'''

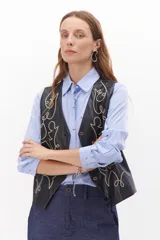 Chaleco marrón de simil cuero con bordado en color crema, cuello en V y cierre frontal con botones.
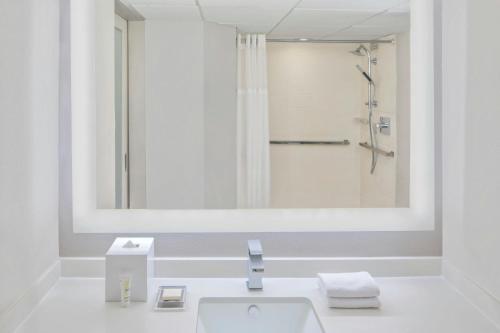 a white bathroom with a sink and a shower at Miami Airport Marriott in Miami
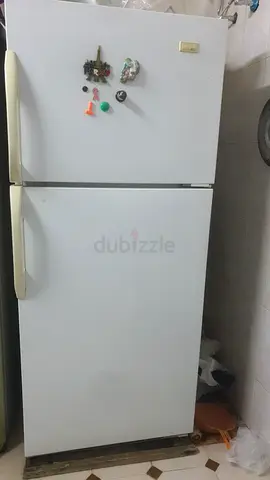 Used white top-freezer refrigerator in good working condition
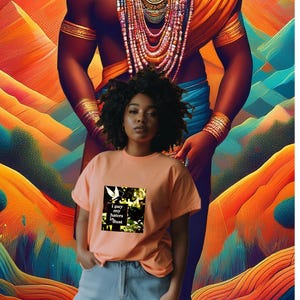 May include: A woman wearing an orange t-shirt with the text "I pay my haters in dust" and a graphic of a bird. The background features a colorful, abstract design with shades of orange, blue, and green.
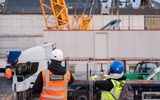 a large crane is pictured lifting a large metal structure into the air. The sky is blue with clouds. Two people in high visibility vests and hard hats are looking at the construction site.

'''
'''

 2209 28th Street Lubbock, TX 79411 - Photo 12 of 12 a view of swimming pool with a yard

'''
'''

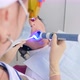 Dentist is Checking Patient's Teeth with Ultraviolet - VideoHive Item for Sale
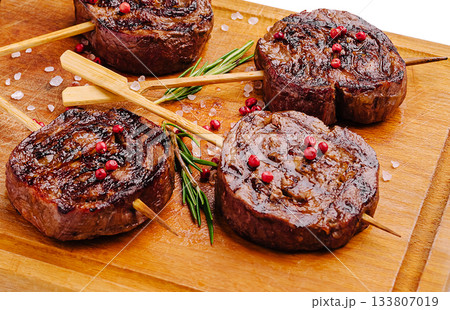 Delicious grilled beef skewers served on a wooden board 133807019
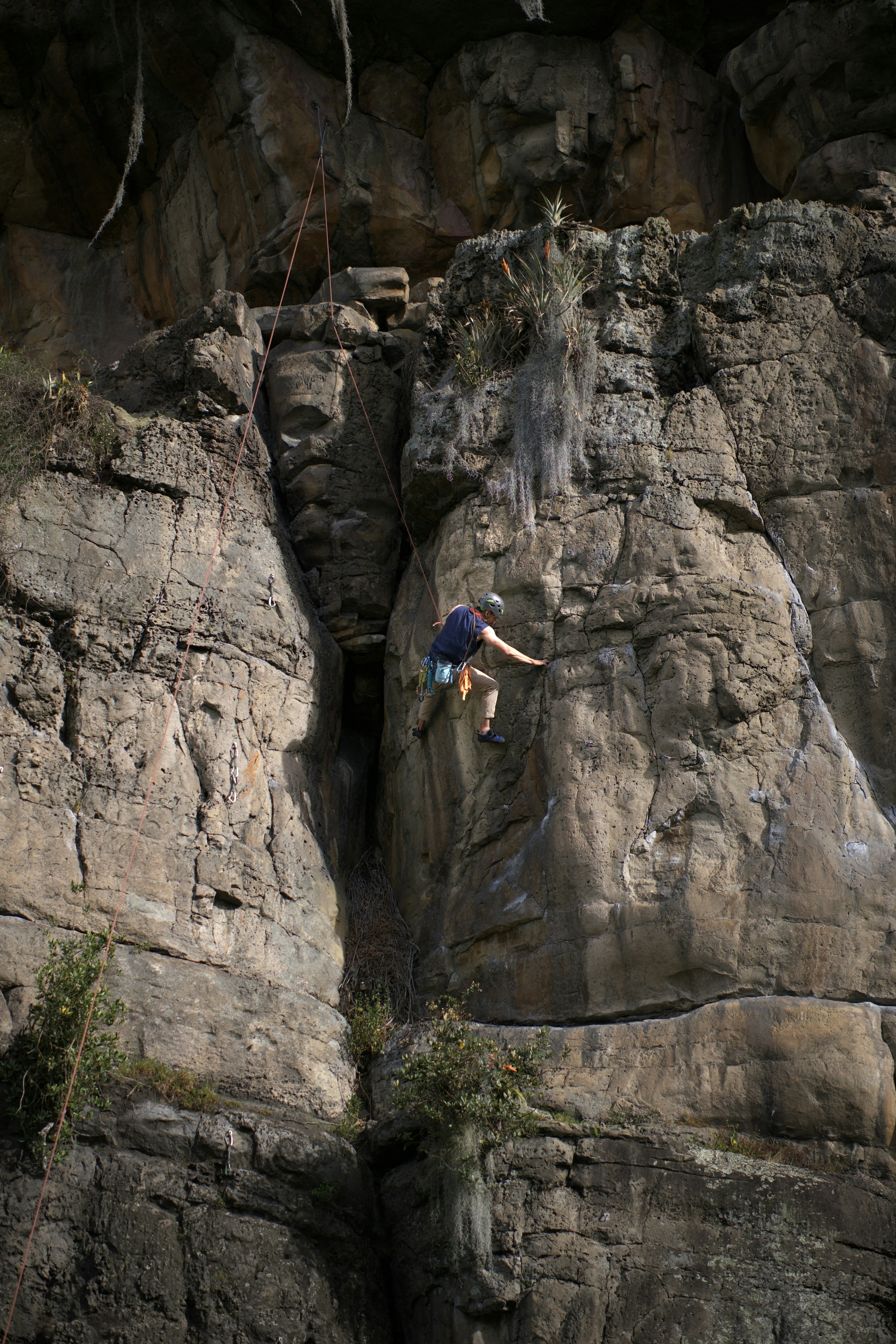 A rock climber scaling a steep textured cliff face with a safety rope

'''

**BRIEF**
Word for word, write out the lines above running from the one with "a white bathroom" up to and including the one with "a large crane". Drop any picture.

**SOLUTION FOR THIS TASK**
 a white bathroom with a sink and a shower at Miami Airport Marriott in Miami
 Used white top-freezer refrigerator in good working condition
 May include: A woman wearing an orange t-shirt with the text "I pay my haters in dust" and a graphic of a bird. The background features a colorful, abstract design with shades of orange, blue, and green.
 a large crane is pictured lifting a large metal structure into the air. The sky is blue with clouds. Two people in high visibility vests and hard hats are looking at the construction site.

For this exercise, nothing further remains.